Deleuze's notion of masochism is quite different from sadism; while sadism follows Lacan's Law of the Father, "such that we do not know what it is, nor can we know," masochism offers maternal comfort which stands in opposition to sadism (Deleuze 73). In masochism, the hen-pecked man and the commanding mother figure are placed in a relationship to cut out the strong father figure. Deleuze seeks to transfer power from the father to the mother - in a masochistic act, it is "the image of the father in him that is miniaturized, beaten, ridiculed and humiliated" (Deleuze 53). Despite the abstract and uncorporeal nature of Marienbad these notions can most certainly be found - there is no physical violence and no chastising of any sort, but these same implications are there. In one scene, A is displayed in overexposed footage walking towards X, arms out and stretched wide in a material, comforting gesture. This makes A seem much like the kind of mother figure X would fantasize about; the scene itself feels like a victory of masochism over sadism.
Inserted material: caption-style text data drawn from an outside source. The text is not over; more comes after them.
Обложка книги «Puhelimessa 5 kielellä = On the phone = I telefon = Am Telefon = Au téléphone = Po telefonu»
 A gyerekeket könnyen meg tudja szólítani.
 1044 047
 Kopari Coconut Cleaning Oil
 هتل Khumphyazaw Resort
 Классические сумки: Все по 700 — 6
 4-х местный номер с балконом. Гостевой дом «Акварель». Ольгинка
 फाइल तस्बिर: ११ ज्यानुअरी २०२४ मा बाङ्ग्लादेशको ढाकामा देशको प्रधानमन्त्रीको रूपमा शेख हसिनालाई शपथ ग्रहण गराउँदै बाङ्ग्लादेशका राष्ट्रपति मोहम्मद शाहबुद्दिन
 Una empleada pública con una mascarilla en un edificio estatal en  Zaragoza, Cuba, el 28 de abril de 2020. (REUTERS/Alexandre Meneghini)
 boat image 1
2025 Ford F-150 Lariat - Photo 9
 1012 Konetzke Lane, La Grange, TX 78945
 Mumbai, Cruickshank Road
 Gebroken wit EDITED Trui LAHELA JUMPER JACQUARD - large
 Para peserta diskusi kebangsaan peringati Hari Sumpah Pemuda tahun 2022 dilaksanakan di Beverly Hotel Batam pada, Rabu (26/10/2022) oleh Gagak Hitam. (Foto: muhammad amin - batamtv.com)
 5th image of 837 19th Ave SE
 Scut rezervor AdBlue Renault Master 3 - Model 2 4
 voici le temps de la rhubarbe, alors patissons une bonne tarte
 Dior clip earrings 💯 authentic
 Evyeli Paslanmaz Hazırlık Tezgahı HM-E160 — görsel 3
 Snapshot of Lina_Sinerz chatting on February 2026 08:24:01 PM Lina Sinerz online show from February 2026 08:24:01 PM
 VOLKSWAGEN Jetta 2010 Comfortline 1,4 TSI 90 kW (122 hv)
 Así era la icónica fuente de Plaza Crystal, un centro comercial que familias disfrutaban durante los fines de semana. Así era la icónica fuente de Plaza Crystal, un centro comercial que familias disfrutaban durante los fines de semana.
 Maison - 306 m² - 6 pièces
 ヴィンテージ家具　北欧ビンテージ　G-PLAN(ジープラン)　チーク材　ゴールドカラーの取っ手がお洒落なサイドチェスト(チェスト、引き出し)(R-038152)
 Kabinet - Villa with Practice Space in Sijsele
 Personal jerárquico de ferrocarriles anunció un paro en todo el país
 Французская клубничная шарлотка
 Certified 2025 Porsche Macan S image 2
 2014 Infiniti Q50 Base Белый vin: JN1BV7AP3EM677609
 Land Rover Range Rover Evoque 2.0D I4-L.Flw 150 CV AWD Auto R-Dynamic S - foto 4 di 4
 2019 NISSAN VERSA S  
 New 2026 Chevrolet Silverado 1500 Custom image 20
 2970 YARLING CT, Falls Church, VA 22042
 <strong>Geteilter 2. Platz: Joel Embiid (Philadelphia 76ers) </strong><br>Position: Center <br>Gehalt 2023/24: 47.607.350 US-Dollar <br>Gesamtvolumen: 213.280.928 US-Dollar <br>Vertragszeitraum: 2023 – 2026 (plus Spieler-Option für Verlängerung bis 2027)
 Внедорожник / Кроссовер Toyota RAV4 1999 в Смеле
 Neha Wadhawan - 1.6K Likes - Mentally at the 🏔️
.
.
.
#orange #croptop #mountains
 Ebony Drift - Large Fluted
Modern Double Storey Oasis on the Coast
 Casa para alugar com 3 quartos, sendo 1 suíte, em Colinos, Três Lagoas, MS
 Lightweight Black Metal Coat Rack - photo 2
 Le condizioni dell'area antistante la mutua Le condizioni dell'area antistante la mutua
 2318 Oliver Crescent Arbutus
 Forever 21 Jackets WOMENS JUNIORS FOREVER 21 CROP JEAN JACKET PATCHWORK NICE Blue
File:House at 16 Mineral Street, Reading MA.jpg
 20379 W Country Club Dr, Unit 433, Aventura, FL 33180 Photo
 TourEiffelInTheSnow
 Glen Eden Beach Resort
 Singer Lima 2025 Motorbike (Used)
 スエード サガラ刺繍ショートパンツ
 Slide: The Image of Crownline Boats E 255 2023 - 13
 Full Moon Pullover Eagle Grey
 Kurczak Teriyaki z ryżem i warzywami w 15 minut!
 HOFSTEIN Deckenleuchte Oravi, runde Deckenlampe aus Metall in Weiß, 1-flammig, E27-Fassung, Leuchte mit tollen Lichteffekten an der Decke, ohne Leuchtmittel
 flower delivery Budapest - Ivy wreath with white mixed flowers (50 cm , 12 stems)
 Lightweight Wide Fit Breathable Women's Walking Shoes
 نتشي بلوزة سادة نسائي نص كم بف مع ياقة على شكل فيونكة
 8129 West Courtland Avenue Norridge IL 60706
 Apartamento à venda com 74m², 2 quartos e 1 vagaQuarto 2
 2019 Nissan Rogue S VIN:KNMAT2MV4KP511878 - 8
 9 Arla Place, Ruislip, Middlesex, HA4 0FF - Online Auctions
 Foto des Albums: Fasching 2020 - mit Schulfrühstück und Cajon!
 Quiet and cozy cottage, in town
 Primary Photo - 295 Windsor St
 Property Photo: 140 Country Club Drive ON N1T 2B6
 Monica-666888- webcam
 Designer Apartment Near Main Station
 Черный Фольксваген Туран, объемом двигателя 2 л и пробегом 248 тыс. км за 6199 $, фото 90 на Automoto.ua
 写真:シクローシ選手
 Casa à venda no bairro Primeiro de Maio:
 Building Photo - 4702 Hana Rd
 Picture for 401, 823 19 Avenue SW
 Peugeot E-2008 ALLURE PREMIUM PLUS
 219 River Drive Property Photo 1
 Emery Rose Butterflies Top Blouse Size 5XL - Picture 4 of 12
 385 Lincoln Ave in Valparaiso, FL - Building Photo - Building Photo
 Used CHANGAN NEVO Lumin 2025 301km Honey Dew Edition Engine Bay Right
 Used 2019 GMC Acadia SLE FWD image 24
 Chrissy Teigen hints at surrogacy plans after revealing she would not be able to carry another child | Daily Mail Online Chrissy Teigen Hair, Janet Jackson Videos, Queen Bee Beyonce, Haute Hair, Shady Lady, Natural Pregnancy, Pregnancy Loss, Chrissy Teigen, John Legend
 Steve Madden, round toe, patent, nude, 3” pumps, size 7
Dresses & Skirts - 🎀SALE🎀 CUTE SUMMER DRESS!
Last Year at Marienbad is notoriously bereft of clear narrative, which makes it difficult to parse the battle between masochism and sadism as a part of the text. When weighing the three main characters of Marienbad against the spectrum of masochism/sadism, it is important to realize that they are both distinctly opposing forces which nonetheless interact like a Moebius strip; Deleuze once said of the film that "the two great theatre scenes are images in a mirror (and the whole Marienbad hotel is a pure crystal, with its transparent face, its opace face and the exchange between them" (Deleuze 1985: 102). The two sides of the mirror are the two ends of the Moebius strip, acting as two surfaces but really being one. To that end, sadism and masochism constantly fluctuate around the film and the characters' relationships - no one character establishing themselves as either masochistic or sadistic.
In conclusion, Last Year at Marienbad explores Deleuze's concept of masochism and sadism through its fluid, interesting depiction of the characters' vague relationships and their placement in time and space. The hotel itself is indicative of Deleuze's sadism, the superego which provides a great deal of pressure on X, the masochist; constantly attempting to achieve a sort of Oedipal release with A. By the end of the film, there is no real sense of triumph of masochism over sadism (or vice versa); however, because of the intentionally obtuse nature of the film, these kinds of concrete answers are not decided upon easily (or at all). In essence, the characters of Marienbad constantly fluctuate between actively hurting each other and finding release in pain, flipping between sides of the Mobius strip that Deleuze identifies.
Works Cited
Deleuze, G. Présentation de Sacher-Masoch, Paris: Éditions de Minuit, 1967.
Deleuze, G. Cinéma 2: L’Image-temps, Paris, Éditions de Minuit, 1985.
Resnais, Alain (dir.) Last Year at Marienbad. Janus Films, 1961. Print.